As suspeitas constam na decisão do ministro André Mendonça, do STF, que autorizou nesta quinta-feira (18) a 9ª fase da Operação Compliance Zero. Policiais federais cumpriram 18 mandados de busca e apreensão, incluindo um endereço de Wagner no Corredor da Vitória, em Salvador.
Do celular do banqueiro ao Congresso
O foco da investigação é a relação entre Wagner e o banqueiro Augusto Lima, dono do Banco Pleno e apontado pela PF como aliado estratégico de Daniel Vorcaro, presidente do Banco Master. A apuração avançou após análise de mensagens encontradas no celular de Lima, que revelaram a dinâmica do suposto esquema.

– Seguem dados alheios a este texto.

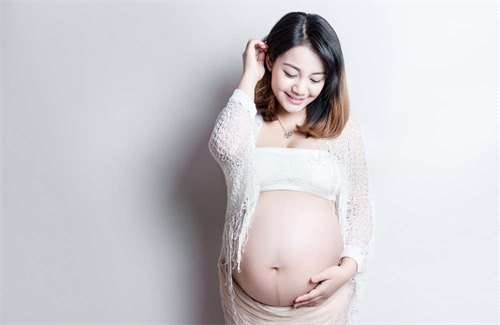 女性不孕不育的早期信号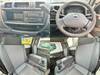 MAZDA BONGO TRUCK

Segundo a PF, Wagner teria atuado diretamente em favor de dois interesses legislativos do grupo financeiro: a chamada “Emenda Master” e uma proposta para ampliar o limite do crédito consignado — setor onde o grupo de Vorcaro e Lima possui forte presença por meio do Credcesta.

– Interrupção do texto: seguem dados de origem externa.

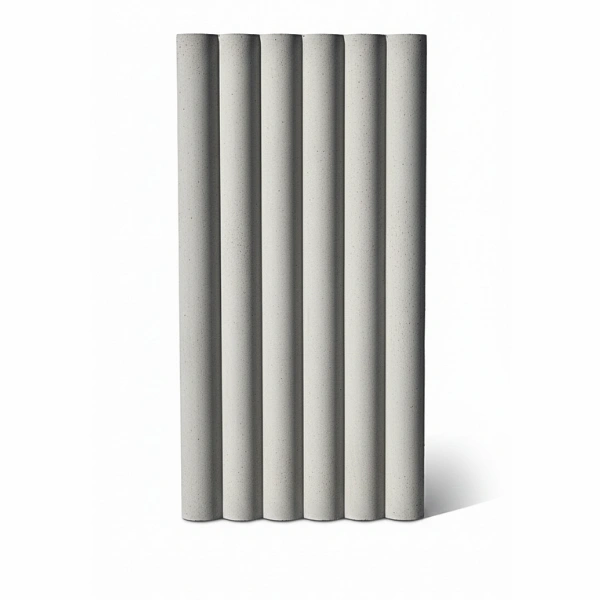 بتن اکسپوز طرح دنیز 50×100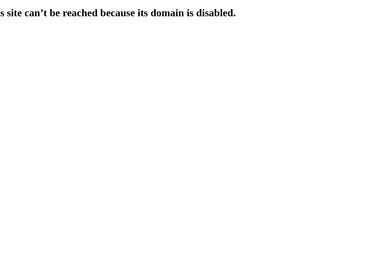 Screenshot of ecomm.ge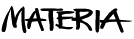 Manufacturer | Materia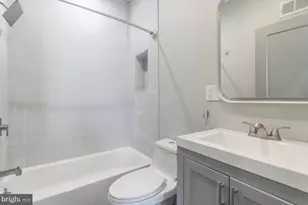 3339 Ridge Ave, Philadelphia, PA 19132 - Photo 14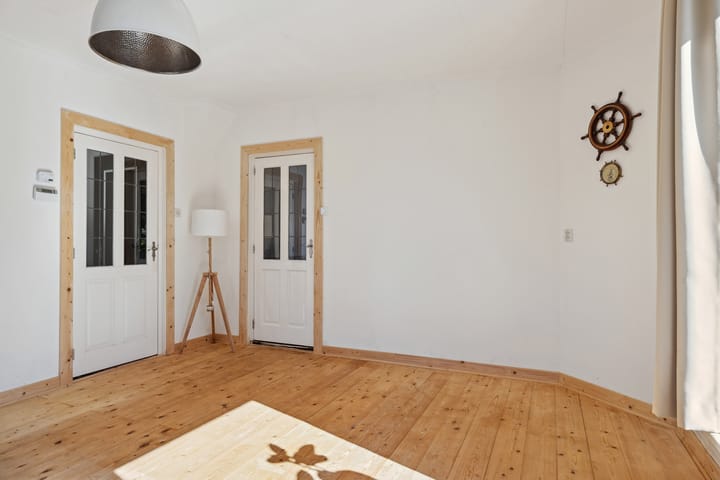 Foto 6 van Tsjerkepaed 11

A “Emenda Master” já havia sido investigada em fase anterior da Compliance Zero, quando a PF identificou que o texto foi redigido integralmente pela assessoria do Banco Master e entregue a outro senador — o que sugere uma estratégia sistemática de captura parlamentar pelo grupo financeiro.
R$ 3,5 milhões via empresa da família
Os R$ 3,5 milhões não foram transferidos diretamente ao senador. Segundo a decisão de André Mendonça, o valor teria sido repassado da empresa “PKL One Participações S.A.” para a “BN Financeira Ltda.”, empresa vinculada ao núcleo familiar de Wagner.

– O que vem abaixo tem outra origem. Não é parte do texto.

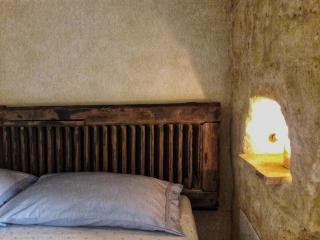 Cave Rooms Sassi - Matera - 5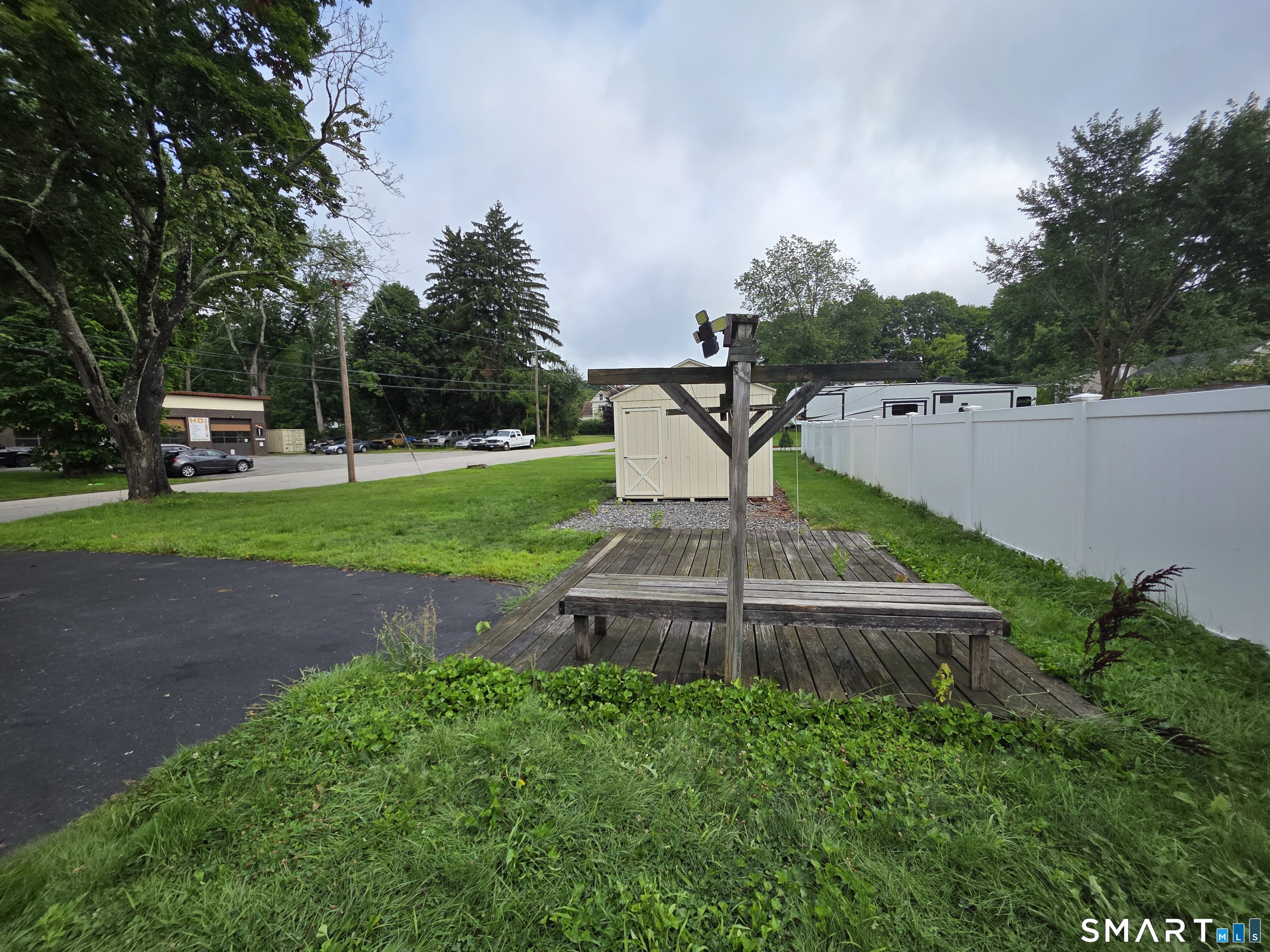 28 Daggett Street photo 20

Em mensagem encontrada no celular de Augusto Lima, o enteado do senador, Eduardo Mendonça Sodré Martins, teria cobrado os valores: “Amanhã vence os boletos e são altos”. Lima respondeu que o cenário estava “crítico” e atribuiu a dificuldade ao insucesso da fusão entre o Banco Master e o BRB.
A investigação reúne mensagens, áudios, ligações telefônicas, contratos, comprovantes de transferências bancárias, registros de empresas e planilhas de pagamentos coletados em fases anteriores da operação.
O padrão descrito contra Wagner reproduz o modus operandi já identificado pela PF em fase anterior da Compliance Zero: o alinhamento entre o ex-governador Cláudio Castro e Vorcaro teria direcionado bilhões do RioPrevidência ao Master, segundo as investigações.
Wagner, que foi governador da Bahia por dois mandatos e ocupou diversos ministérios, já havia sido citado em fases anteriores da operação por intermediar contatos entre o grupo financeiro e autoridades do governo federal.
A Operação Compliance Zero investiga um esquema que já acumula prejuízos estimados em R$ 12 bilhões. O Banco Pleno, de Augusto Lima, foi liquidado extrajudicialmente pelo Banco Central. O Banco Master segue sob escrutínio por seu modelo de captação via CDBs garantidos pelo FGC e pelas tentativas de fusão com bancos públicos estaduais.